"""

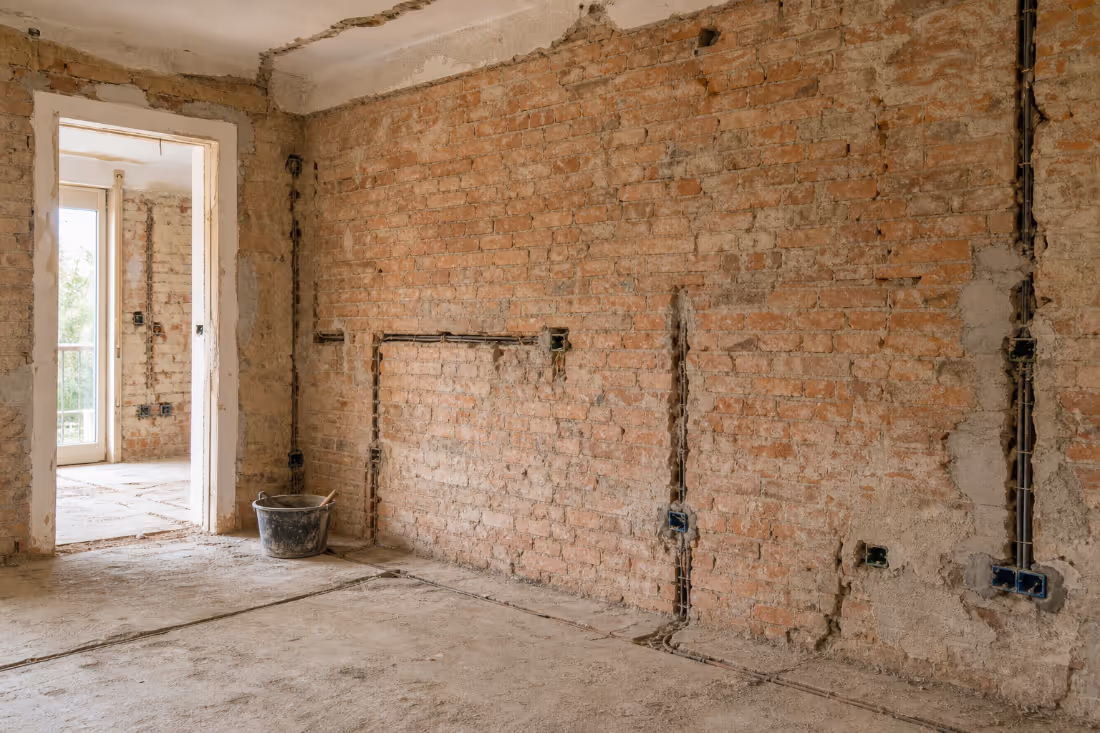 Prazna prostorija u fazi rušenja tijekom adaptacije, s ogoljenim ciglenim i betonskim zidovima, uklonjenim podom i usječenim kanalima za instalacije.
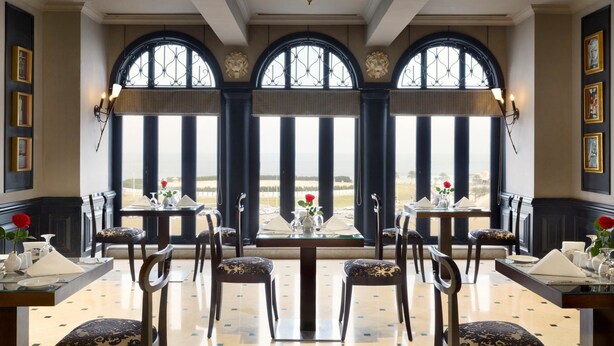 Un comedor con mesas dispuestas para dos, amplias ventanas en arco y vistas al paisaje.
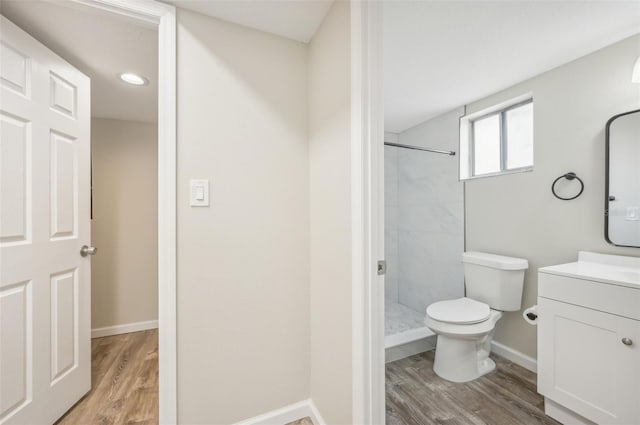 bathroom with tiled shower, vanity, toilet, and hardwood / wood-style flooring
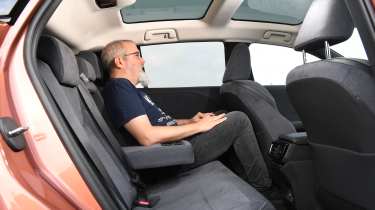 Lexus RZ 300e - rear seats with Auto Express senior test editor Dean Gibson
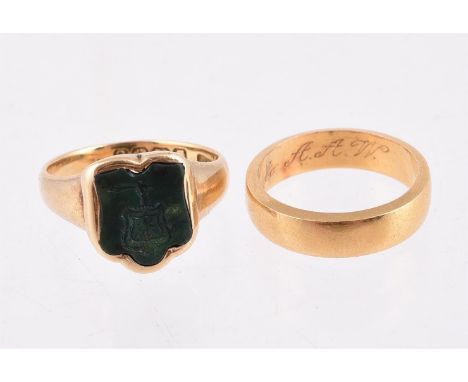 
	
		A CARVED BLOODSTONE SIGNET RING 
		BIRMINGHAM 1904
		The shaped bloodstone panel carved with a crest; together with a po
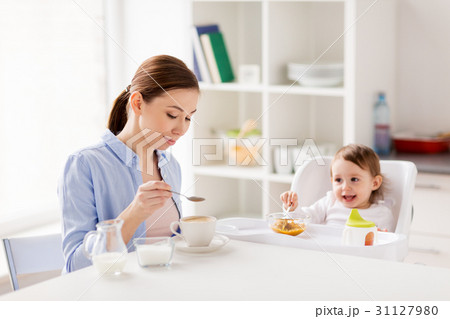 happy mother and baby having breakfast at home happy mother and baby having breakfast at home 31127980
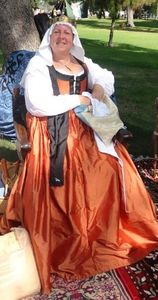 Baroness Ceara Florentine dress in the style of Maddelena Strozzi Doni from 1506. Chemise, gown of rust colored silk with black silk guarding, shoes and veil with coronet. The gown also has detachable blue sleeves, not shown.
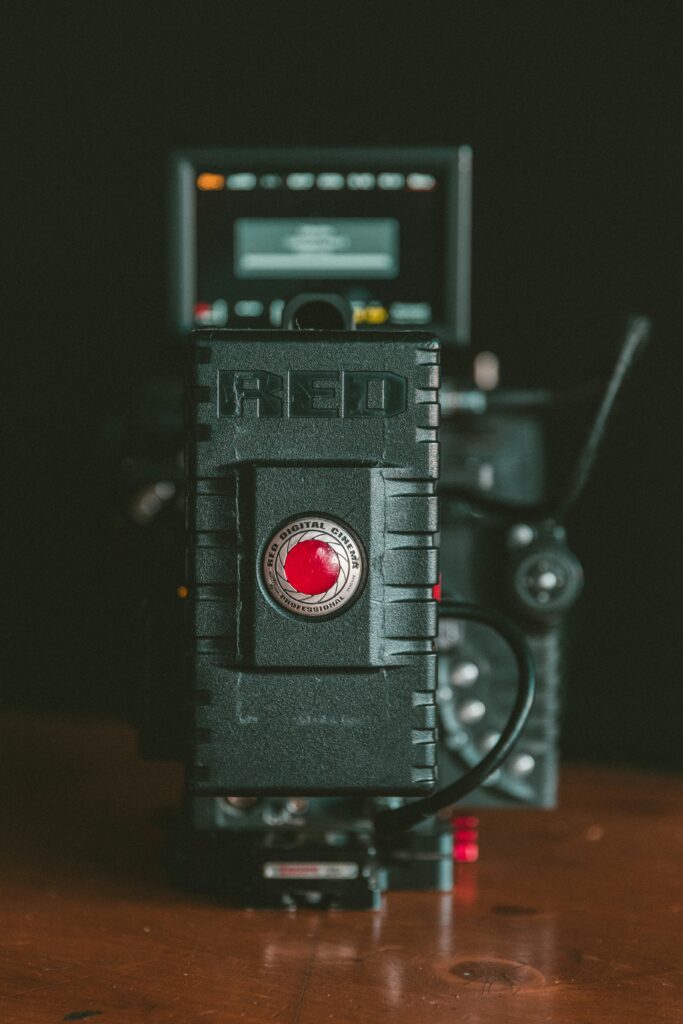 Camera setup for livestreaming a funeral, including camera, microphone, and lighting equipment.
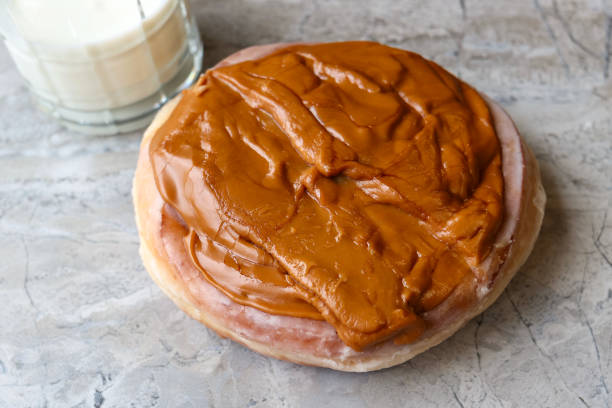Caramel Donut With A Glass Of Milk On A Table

"""

### ACTIVITY
Leave out the pictures, and retype exactly the lines from the one containing "Camera setup for" through the final line of the data.

### RESULT OF THIS EXERCISE
 Camera setup for livestreaming a funeral, including camera, microphone, and lighting equipment.
Caramel Donut With A Glass Of Milk On A Table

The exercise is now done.